For me this has been a bit of a steep learning curve at times. Let me give you a few examples.


  • Many Christian devotional books for children teach children they must attend church and sunday school every Sunday or at the very minimum, most Sundays to be godly.  This is simply not true. It is not true to Scripture and appears to be based in man’s traditions not the Lord’s. We need to be careful here and make sure we are examining Scripture to actually teach what it says. 



  • I have heard Church Leaders and Christians publicly describe those in the church who are ‘gluten intolerant’  or ‘dairy intolerant’ as divisive! Their reasoning being it caused difficulties with hospitality and communion.
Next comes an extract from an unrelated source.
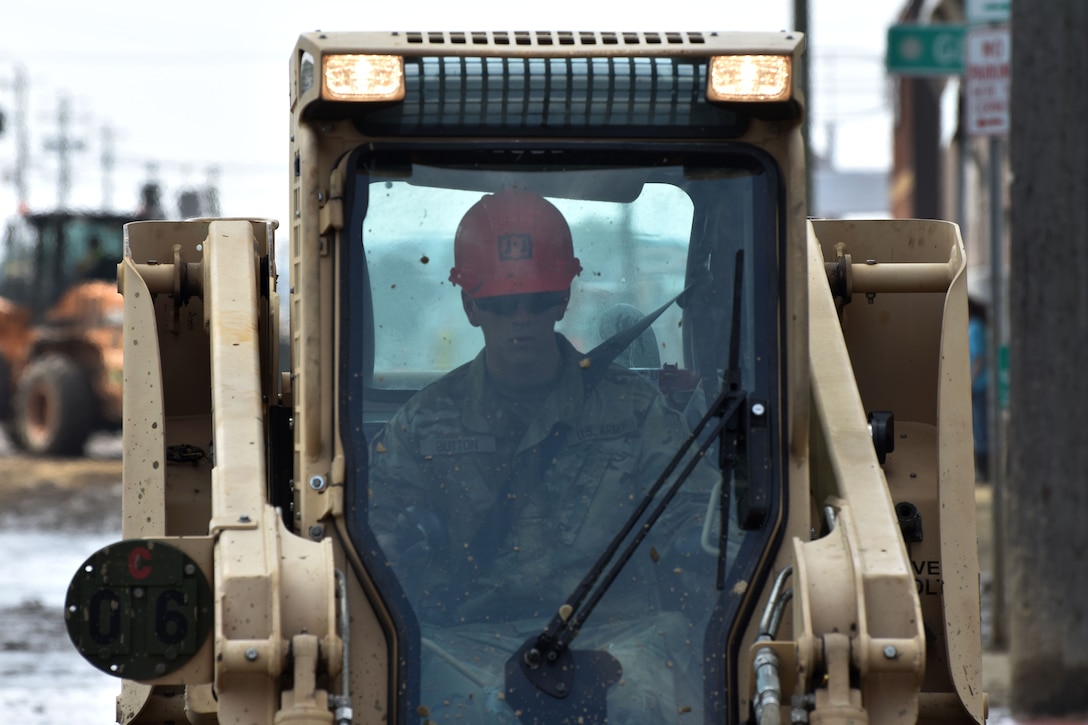 A soldier operates a bobcat bulldozer to clear mud and debris from streets.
This is in direct violation to Romans 14. Many believers are vegetarian, avoid alcohol, have food allergies, are diabetic, or just need to adjust their diets for health reasons or to overcome previous indulgences or bad habits. Rather than accuse people of causing division, we need to be a people who love each other, listen to each other and make every effort to accommodate each other’s needs.  For example, it is perfectly godly to be a vegetarian but it is not perfectly godly to insist that all Christians be vegetarian or to be annoyed at those who are. 
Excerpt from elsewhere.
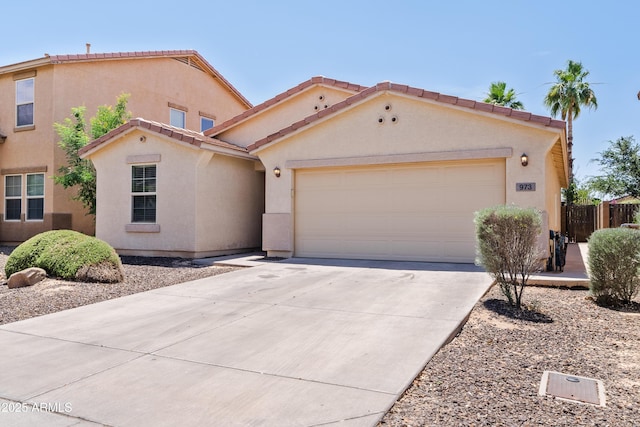 973 E Kelsi Ave, San Tan Valley, AZ 85140 - mediterranean / spanish-style home with an attached garage, driveway, stucco siding, and a tiled roof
  • There is also a temptation to let dietary requirements be an excuse for a lack of hospitality. True hospitality mandates that people’s dietary needs are catered for when we invite them over for a meal or run a church program which we want them to attend. Let's be  a people that ask what other's dietary needs are before we have them over, and not ridicule them or exclude them because they eat vastly different to us. Be considerate. If someone is gluten intolerant, don't feed them gluten, if it's nuts, don't feed them nuts. This also goes for holy communion - if there are gluten intolerant people amongst us, lets be a people that bend over backwards to include others not exclude them. I always remind others when this topic comes up, that John the Baptist had a restricted diet and Jesus specifically stood up for him when the church leaders had a go about it.  “For John the Baptist has come eating no bread and drinking no wine, and you say, ‘He has a demon!’ “The Son of Man has come eating and drinking, and you say, ‘Behold, a gluttonous man and a drunkard, a friend of tax collectors and sinners!’ “Yet wisdom is vindicated by all her children.” Luke 7:33,34

“See to it that no one takes you captive through hollow and deceptive philosophy which depends on human tradition and the basic principles of this world rather than on Christ.” Col 2:8

Lets be a people of God that strive to focus on the major issues - the indisputable matters that are vital to our salvation and to holiness. Let us focus on showing compassion in caring for the sick, the needy, the oppressed, the vulnerable, the hungry, the orphans, the widows, the lonely, the excluded. Let’s focus on ridding ourselves of sin and evil practices. Let’s put the issues in the right set.